### Problem description
In the material below, find the line containing "Ignacio Madrona 14 ptos" and the line containing "Certified 2025 Ford". Output those two lines and all lines between them exactly, without pictures.

### Supplied information
==*==
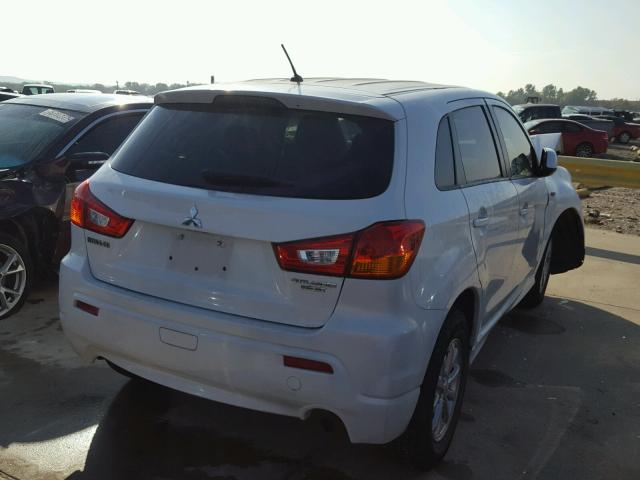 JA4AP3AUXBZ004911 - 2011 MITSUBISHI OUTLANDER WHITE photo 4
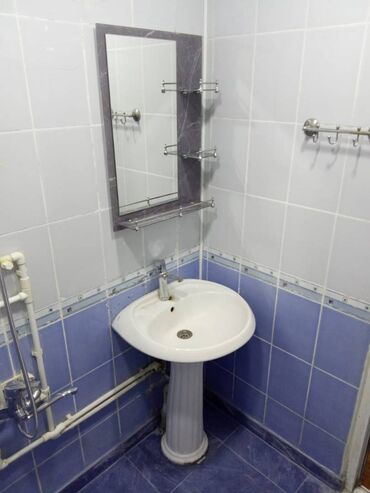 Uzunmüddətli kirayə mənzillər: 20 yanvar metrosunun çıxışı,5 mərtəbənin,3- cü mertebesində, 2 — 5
==*==
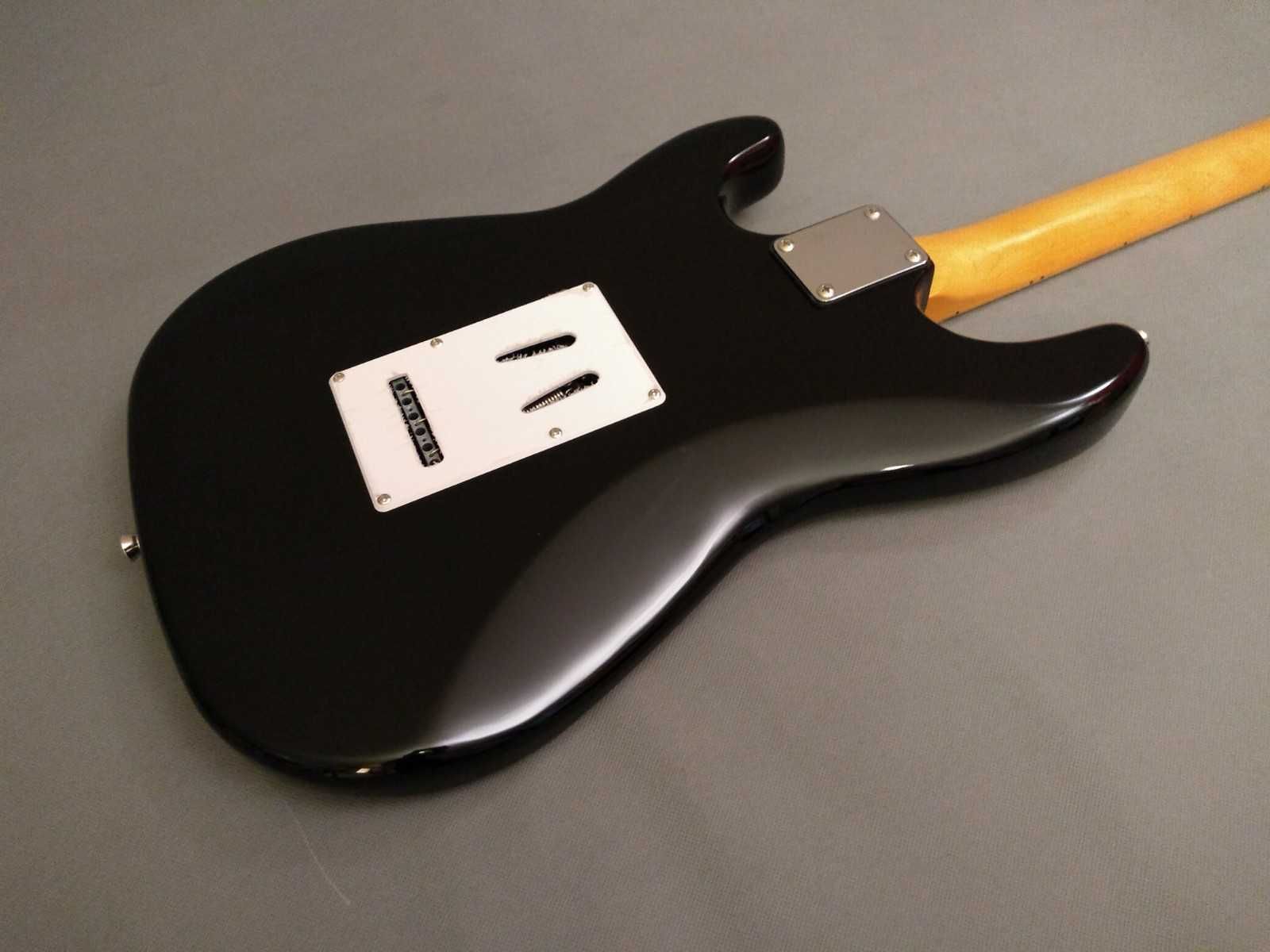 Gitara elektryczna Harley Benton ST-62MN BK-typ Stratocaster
==*==
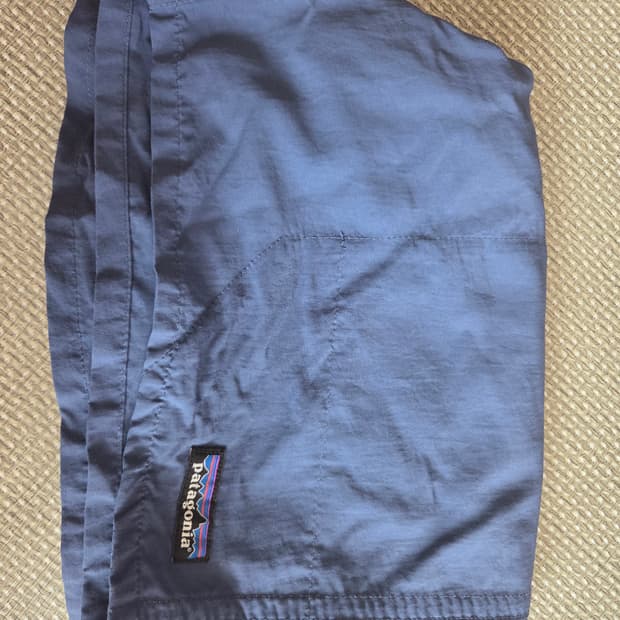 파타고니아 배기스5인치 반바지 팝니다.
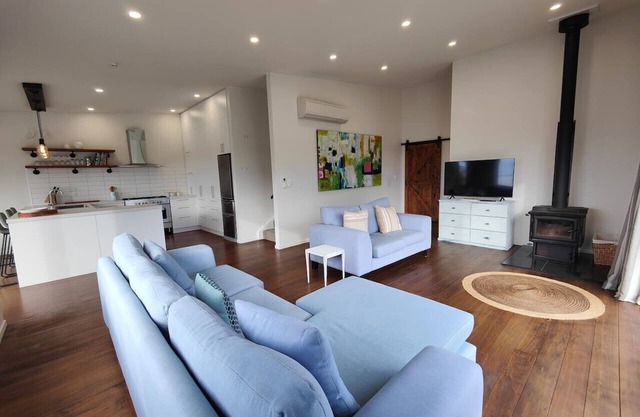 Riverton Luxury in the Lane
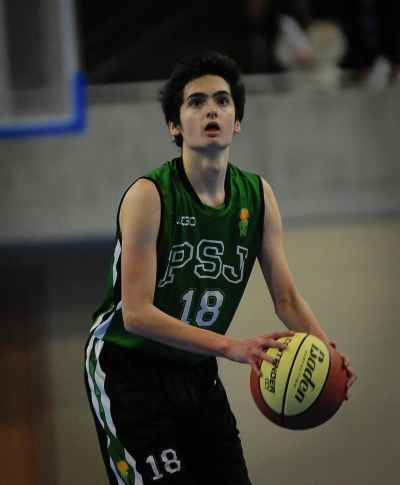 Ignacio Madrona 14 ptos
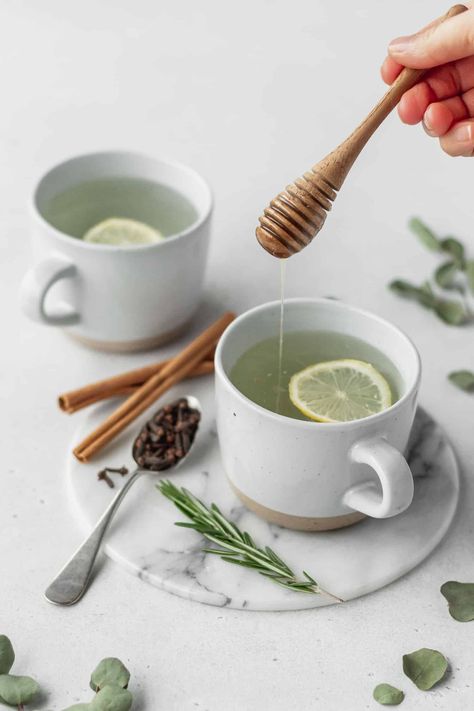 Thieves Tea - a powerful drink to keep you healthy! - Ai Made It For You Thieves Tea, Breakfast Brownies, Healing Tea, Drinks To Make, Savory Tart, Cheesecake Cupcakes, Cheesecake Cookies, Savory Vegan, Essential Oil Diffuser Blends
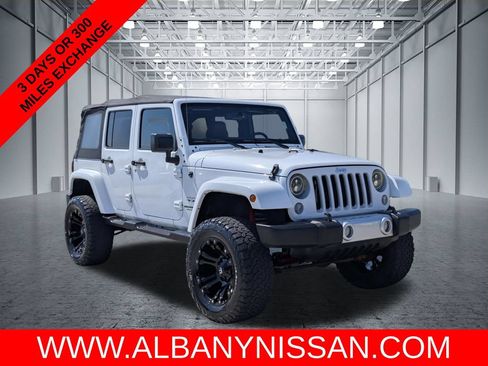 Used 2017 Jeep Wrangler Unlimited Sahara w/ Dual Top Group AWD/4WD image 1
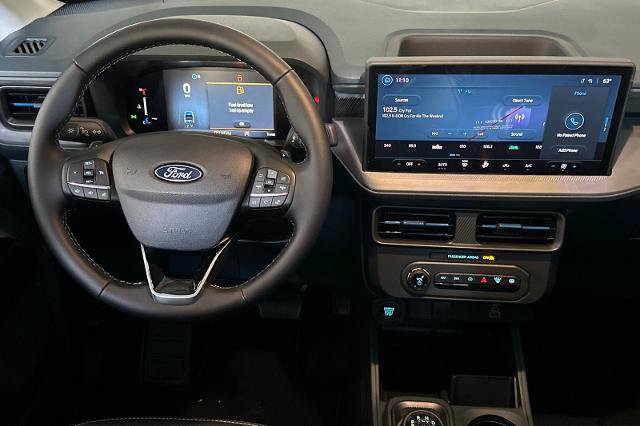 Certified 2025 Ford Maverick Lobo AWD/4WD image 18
==*==
### Answer box
 Ignacio Madrona 14 ptos
 Thieves Tea - a powerful drink to keep you healthy! - Ai Made It For You Thieves Tea, Breakfast Brownies, Healing Tea, Drinks To Make, Savory Tart, Cheesecake Cupcakes, Cheesecake Cookies, Savory Vegan, Essential Oil Diffuser Blends
 Used 2017 Jeep Wrangler Unlimited Sahara w/ Dual Top Group AWD/4WD image 1
 Certified 2025 Ford Maverick Lobo AWD/4WD image 18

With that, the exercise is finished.